• _Work instruction_
The answer should consist of all the records, copied exactly.

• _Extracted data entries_
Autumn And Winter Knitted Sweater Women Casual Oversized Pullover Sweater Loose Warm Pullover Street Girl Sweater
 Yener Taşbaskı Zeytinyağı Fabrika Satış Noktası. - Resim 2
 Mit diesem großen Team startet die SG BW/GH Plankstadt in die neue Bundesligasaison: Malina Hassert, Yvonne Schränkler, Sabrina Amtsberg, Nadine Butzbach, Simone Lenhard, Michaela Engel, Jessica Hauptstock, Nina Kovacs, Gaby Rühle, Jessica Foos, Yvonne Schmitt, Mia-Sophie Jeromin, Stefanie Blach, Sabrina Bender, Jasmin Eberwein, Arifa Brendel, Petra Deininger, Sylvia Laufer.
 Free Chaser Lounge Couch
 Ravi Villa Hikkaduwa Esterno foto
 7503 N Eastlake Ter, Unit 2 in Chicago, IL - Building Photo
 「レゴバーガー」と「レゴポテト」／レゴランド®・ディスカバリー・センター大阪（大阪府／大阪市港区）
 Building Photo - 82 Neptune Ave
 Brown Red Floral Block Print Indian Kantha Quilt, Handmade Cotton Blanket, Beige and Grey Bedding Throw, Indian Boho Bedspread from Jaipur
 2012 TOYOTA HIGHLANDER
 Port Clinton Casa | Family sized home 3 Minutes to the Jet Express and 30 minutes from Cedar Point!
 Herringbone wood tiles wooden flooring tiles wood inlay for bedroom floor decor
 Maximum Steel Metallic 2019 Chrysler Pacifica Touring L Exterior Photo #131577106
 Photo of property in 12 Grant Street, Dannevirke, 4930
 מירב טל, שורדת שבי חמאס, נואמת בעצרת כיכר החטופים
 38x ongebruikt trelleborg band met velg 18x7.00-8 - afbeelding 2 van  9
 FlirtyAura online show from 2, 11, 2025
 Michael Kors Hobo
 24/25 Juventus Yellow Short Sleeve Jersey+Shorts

• _Task result_
Autumn And Winter Knitted Sweater Women Casual Oversized Pullover Sweater Loose Warm Pullover Street Girl Sweater
 Yener Taşbaskı Zeytinyağı Fabrika Satış Noktası. - Resim 2
 Mit diesem großen Team startet die SG BW/GH Plankstadt in die neue Bundesligasaison: Malina Hassert, Yvonne Schränkler, Sabrina Amtsberg, Nadine Butzbach, Simone Lenhard, Michaela Engel, Jessica Hauptstock, Nina Kovacs, Gaby Rühle, Jessica Foos, Yvonne Schmitt, Mia-Sophie Jeromin, Stefanie Blach, Sabrina Bender, Jasmin Eberwein, Arifa Brendel, Petra Deininger, Sylvia Laufer.
 Free Chaser Lounge Couch
 Ravi Villa Hikkaduwa Esterno foto
 7503 N Eastlake Ter, Unit 2 in Chicago, IL - Building Photo
 「レゴバーガー」と「レゴポテト」／レゴランド®・ディスカバリー・センター大阪（大阪府／大阪市港区）
 Building Photo - 82 Neptune Ave
 Brown Red Floral Block Print Indian Kantha Quilt, Handmade Cotton Blanket, Beige and Grey Bedding Throw, Indian Boho Bedspread from Jaipur
 2012 TOYOTA HIGHLANDER
 Port Clinton Casa | Family sized home 3 Minutes to the Jet Express and 30 minutes from Cedar Point!
 Herringbone wood tiles wooden flooring tiles wood inlay for bedroom floor decor
 Maximum Steel Metallic 2019 Chrysler Pacifica Touring L Exterior Photo #131577106
 Photo of property in 12 Grant Street, Dannevirke, 4930
 מירב טל, שורדת שבי חמאס, נואמת בעצרת כיכר החטופים
 38x ongebruikt trelleborg band met velg 18x7.00-8 - afbeelding 2 van  9
 FlirtyAura online show from 2, 11, 2025
 Michael Kors Hobo
 24/25 Juventus Yellow Short Sleeve Jersey+Shorts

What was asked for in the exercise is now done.